Dear Liz: I recently switched jobs and realized that I have multiple 401(k) accounts from prior employers over the years that need to be consolidated. When I reached out to my current employer’s 401(k) administrator to understand the rollover process, they said I would actually need to have a paper check mailed to me for each prior employer and then arrange to mail the checks to them. Liz, we are talking about four checks totaling a very substantial amount of money! They said there is “no other way” to process the rollovers. I cannot understand why we are still dealing with such an archaic process in this day and age. Should I be worried or should I just go ahead and take care of this now since I don’t seem to have much say in the process?

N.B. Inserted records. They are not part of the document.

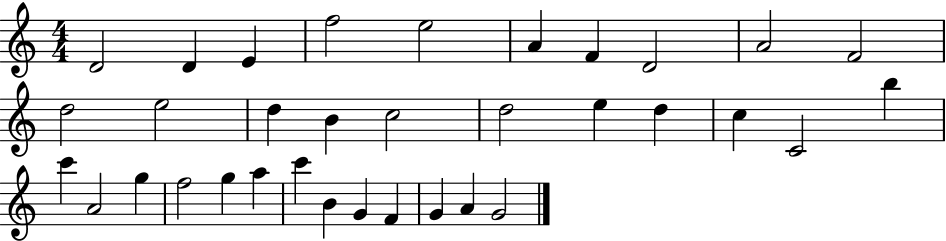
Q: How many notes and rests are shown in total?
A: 34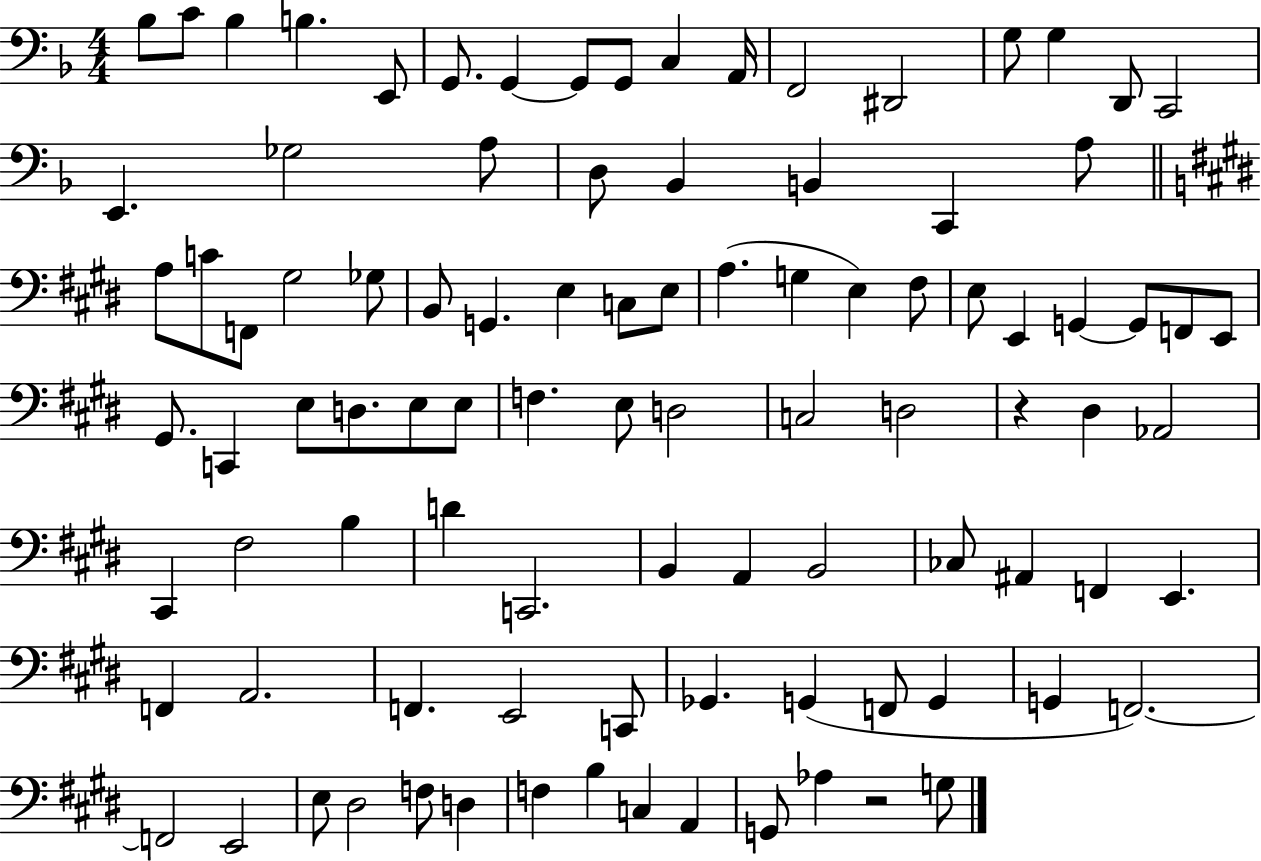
X:1
T:Untitled
M:4/4
L:1/4
K:F
_B,/2 C/2 _B, B, E,,/2 G,,/2 G,, G,,/2 G,,/2 C, A,,/4 F,,2 ^D,,2 G,/2 G, D,,/2 C,,2 E,, _G,2 A,/2 D,/2 _B,, B,, C,, A,/2 A,/2 C/2 F,,/2 ^G,2 _G,/2 B,,/2 G,, E, C,/2 E,/2 A, G, E, ^F,/2 E,/2 E,, G,, G,,/2 F,,/2 E,,/2 ^G,,/2 C,, E,/2 D,/2 E,/2 E,/2 F, E,/2 D,2 C,2 D,2 z ^D, _A,,2 ^C,, ^F,2 B, D C,,2 B,, A,, B,,2 _C,/2 ^A,, F,, E,, F,, A,,2 F,, E,,2 C,,/2 _G,, G,, F,,/2 G,, G,, F,,2 F,,2 E,,2 E,/2 ^D,2 F,/2 D, F, B, C, A,, G,,/2 _A, z2 G,/2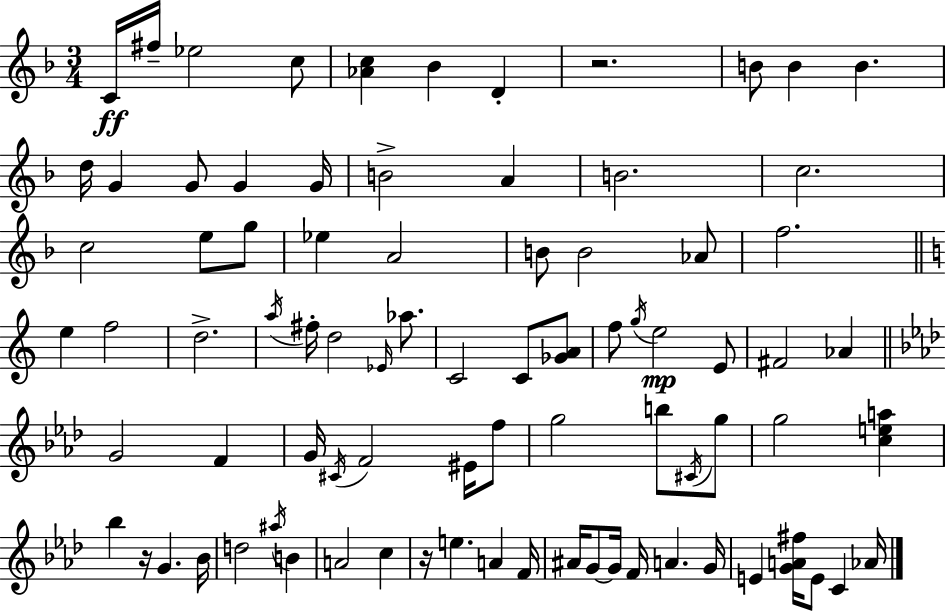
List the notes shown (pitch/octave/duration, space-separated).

C4/s F#5/s Eb5/h C5/e [Ab4,C5]/q Bb4/q D4/q R/h. B4/e B4/q B4/q. D5/s G4/q G4/e G4/q G4/s B4/h A4/q B4/h. C5/h. C5/h E5/e G5/e Eb5/q A4/h B4/e B4/h Ab4/e F5/h. E5/q F5/h D5/h. A5/s F#5/s D5/h Eb4/s Ab5/e. C4/h C4/e [Gb4,A4]/e F5/e G5/s E5/h E4/e F#4/h Ab4/q G4/h F4/q G4/s C#4/s F4/h EIS4/s F5/e G5/h B5/e C#4/s G5/e G5/h [C5,E5,A5]/q Bb5/q R/s G4/q. Bb4/s D5/h A#5/s B4/q A4/h C5/q R/s E5/q. A4/q F4/s A#4/s G4/e G4/s F4/s A4/q. G4/s E4/q [G4,A4,F#5]/s E4/e C4/q Ab4/s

Answer: You should definitely be worried, and you also shouldn’t assume that your employer’s 401(k) administrator understands the options at other companies. Getting a check in the mail from an old plan is not only unsafe but triggers a 20% withholding requirement.
If you want to avoid taxes and penalties on the missing 20%, you’d have to come up with that money out of your own pocket. (If you didn’t deposit the check with the new plan or in an IRA, you’d owe taxes and potentially penalties on all of the money.)
When you contact the old plan’s administrators, ask if they can do a “direct rollover” to your new 401(k) account. Often, the transfer can be made electronically.
Even if the old plan uses a paper check and the U.S. mail to deliver the funds, you can avoid the 20% withholding requirement if the check is made out to your new account rather than to you.
Steve says
I am surprised this answer doesn’t advocate a bit stronger that the letter writer roll the old 401(k)s into an IRA at a more competent institution. There are plenty of great brokerages that will be eager to get the money, and so will take the lead on getting the money out of the old plans with minimal fuss on LW’s part.
Liz Weston says
IRAs are certainly an option, although they’re often more expensive than a good large-company plan. Plus new disclosure requirements could slow down the process. Still, they’re worth considering, even if just as a bridge to get the money transferred to the employer’s plan.